The audio tour was extensive in the information it provided, however, they needed to do a better job at sign-posting where one should go in the rabbit-warren of stairs and levels in order to reach the next explanation point.   There were several that I couldn’t find, but for those that I did, there was a lot of information which really augmented the experience. 

For example, one of the first places you come across is a 10th century cave church of the Ananauri – a people who occupied the site before the monastery was built.  It just looks like two high arched windows with rocks strewn at their base

cave church of the Ananauri - Vardzia - Georgia

The rocks are there for a reason!

But thanks to the audio tour, I stood on tip-toes on the largest rock to see the paintings inside revealed.

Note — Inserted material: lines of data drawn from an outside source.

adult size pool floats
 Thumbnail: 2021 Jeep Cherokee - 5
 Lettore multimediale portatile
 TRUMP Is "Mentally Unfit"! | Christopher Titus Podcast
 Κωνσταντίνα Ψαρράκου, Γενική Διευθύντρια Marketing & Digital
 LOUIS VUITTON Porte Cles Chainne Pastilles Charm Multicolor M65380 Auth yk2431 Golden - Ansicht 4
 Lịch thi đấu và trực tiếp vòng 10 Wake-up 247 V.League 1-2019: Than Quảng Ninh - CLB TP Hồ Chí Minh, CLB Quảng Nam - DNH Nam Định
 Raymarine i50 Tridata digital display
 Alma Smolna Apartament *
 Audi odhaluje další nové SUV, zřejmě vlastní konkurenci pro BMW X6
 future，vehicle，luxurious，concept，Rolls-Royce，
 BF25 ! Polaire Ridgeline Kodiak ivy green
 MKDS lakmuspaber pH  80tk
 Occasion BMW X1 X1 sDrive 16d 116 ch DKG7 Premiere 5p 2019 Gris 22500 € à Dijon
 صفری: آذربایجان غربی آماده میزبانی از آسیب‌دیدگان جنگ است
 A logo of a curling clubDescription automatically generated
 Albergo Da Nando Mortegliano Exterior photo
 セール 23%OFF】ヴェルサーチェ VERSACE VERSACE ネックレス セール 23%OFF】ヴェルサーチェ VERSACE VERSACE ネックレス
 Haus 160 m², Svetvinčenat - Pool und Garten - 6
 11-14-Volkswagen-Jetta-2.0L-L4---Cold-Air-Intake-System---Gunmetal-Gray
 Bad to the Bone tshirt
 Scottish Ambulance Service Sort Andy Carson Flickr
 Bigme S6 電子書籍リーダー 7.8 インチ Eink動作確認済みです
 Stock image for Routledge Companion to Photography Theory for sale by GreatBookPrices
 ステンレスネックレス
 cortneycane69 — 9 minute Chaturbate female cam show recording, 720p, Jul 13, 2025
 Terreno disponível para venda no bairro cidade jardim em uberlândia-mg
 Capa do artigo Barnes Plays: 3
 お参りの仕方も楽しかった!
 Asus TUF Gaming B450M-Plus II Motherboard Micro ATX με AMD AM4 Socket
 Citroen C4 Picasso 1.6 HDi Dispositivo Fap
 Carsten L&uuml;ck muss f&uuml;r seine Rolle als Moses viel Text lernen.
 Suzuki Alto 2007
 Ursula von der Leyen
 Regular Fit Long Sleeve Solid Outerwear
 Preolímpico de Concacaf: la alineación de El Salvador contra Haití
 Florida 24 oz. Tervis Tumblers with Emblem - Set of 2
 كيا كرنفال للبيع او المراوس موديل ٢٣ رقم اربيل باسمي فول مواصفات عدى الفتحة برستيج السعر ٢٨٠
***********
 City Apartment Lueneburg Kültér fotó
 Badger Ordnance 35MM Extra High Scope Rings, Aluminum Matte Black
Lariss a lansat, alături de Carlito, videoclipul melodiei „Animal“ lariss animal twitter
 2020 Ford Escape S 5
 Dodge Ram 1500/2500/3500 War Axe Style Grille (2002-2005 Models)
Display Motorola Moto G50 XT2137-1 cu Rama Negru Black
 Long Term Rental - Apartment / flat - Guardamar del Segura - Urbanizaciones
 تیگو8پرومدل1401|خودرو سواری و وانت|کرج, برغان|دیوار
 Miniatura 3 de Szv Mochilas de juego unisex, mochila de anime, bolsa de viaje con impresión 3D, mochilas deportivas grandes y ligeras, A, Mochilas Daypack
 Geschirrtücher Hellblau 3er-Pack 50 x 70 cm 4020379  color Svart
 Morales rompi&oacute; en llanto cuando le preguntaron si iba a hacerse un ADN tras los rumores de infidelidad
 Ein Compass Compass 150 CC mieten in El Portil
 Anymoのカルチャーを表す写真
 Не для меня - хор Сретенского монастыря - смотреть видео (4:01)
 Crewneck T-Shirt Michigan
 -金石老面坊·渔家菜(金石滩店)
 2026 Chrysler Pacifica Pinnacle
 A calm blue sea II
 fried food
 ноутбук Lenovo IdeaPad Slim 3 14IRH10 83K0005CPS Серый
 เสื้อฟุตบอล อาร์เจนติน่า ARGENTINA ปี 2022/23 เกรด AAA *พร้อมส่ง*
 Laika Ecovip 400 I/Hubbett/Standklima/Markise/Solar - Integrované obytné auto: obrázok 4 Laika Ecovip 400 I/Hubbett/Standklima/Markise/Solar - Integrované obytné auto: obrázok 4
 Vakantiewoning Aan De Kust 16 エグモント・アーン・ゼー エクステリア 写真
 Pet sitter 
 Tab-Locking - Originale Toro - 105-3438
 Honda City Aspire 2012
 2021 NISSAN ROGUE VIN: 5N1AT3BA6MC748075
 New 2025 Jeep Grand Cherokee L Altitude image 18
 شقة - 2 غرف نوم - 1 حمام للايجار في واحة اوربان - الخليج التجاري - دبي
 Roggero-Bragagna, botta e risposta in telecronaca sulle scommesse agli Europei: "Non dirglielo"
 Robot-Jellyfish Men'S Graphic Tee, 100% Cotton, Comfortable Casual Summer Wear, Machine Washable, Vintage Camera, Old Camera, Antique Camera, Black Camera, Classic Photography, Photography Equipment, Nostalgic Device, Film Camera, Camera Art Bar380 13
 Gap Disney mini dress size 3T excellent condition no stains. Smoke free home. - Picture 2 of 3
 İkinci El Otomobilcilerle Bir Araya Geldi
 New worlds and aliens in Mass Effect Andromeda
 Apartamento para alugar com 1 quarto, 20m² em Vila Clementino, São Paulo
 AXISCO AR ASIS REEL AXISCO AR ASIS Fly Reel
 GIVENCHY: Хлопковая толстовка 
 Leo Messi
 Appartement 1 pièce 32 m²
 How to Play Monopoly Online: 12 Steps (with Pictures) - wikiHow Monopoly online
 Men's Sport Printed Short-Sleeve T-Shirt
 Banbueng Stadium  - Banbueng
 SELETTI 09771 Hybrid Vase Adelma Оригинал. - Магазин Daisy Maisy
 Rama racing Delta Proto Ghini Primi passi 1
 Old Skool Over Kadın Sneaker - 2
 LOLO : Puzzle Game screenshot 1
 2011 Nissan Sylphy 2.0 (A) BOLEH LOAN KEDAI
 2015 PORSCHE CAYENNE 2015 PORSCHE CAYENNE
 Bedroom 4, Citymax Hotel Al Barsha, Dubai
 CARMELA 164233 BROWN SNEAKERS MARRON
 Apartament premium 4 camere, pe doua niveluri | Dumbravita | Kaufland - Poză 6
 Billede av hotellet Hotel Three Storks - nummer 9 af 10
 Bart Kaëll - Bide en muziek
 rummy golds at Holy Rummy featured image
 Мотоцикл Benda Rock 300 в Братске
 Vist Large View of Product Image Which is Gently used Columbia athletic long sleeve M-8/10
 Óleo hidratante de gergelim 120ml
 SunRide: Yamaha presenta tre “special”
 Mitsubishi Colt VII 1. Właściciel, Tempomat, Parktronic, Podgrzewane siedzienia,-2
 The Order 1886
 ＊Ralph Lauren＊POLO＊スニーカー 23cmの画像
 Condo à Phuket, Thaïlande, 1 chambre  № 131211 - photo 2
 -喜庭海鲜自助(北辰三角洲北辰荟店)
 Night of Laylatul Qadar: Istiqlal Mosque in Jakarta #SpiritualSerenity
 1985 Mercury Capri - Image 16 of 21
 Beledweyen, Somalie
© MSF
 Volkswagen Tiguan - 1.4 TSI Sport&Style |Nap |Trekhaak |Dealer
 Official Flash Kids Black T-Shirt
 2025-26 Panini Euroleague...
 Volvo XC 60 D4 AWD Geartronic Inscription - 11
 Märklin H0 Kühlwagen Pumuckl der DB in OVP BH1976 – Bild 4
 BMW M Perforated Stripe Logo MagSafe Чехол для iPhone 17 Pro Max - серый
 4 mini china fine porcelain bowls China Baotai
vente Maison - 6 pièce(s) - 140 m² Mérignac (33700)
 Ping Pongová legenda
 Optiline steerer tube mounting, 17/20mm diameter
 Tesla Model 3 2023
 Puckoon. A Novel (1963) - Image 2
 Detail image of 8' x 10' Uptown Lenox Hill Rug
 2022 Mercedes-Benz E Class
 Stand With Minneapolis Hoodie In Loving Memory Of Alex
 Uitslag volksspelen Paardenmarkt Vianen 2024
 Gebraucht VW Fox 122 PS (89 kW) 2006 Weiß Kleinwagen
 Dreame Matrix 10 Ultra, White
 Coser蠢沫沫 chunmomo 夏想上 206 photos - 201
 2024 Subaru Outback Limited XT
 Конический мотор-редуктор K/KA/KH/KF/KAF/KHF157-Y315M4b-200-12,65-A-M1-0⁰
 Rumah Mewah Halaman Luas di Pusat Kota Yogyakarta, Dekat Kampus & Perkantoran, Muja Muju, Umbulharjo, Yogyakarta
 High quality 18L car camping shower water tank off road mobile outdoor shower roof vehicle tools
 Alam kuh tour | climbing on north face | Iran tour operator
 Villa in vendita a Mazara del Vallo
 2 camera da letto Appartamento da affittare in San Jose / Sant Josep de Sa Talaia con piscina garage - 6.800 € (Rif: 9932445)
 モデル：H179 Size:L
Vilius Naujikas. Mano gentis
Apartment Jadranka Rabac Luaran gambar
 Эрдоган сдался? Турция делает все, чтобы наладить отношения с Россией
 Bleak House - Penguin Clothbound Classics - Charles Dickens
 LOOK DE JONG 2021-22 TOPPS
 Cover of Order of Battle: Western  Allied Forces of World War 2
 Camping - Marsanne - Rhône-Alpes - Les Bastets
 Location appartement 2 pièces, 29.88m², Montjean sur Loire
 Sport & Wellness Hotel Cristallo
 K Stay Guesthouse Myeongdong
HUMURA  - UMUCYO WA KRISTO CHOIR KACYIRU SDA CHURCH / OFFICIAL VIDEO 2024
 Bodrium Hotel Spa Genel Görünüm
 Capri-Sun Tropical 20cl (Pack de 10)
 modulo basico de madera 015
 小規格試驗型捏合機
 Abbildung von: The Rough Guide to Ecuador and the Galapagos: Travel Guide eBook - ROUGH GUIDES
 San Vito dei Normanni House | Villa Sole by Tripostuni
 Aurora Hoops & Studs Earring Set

Frescos in the cave church of the Ananauri - Vardzia - Georgia

Similarly, with the refectory, the detail of the audio explained that the monks would sit on the benches against the walls and the inner “bench” that ran parallel on either side was actually the base of a table.  The head monk would be located at the slab in the inner right corner (where the sign now stands) to address the monks.

Refectory - Vardzia - Georgia

Who would have known that this was a winepress and how important viticulture was to the residents of the monastery without some sort of a guide?

Wine press - Vardzia - Georgia

Or knew of the intricate plumbing that was installed at the site?

Plumbing - Vardzia - Georgia

Trust me, it’s worth paying the $5!   The only problem I had was that 2 hours was not long enough!   To comfortably complete the audio tour (and find all the different areas it refers to), I reckon you need probably 4 hours.

The Church of the Dormition is the centerpiece of the monastery (both geographically and in importance), but unfortunately the main hall was locked by the time I got there ☹   It’s walls are apparently richly painted, but fortunately, so too are the walls of the outer entrance to the church.

Church of the Dormition frescos - Vardzia - Georgia

From the church, there was also a defensive tunnel bored into the rockface that rises several levels in the complex.  You can traverse the length of this tunnel and come out somewhere else entirely in the complex – it takes a moment to get your bearings afterwards! 

Tunnel from Church of the Dormition - Vardzia - Georgia

I didn’t manage to find the “Tamar’s Room” (apparently the most opulent room) within the time I had, and there are plenty of other bits and pieces I missed as well.   Mostly, as you are choosing your own adventure through the maze, what you see are the normal living areas that are all laid out similarly.

Normal living areas - Vardzia - Georgia

It’s a very impressive and fascinating site, and definitely worth a visit – but make sure you have plenty of time to explore it properly, and get the audio tour at least!  There is lots to see!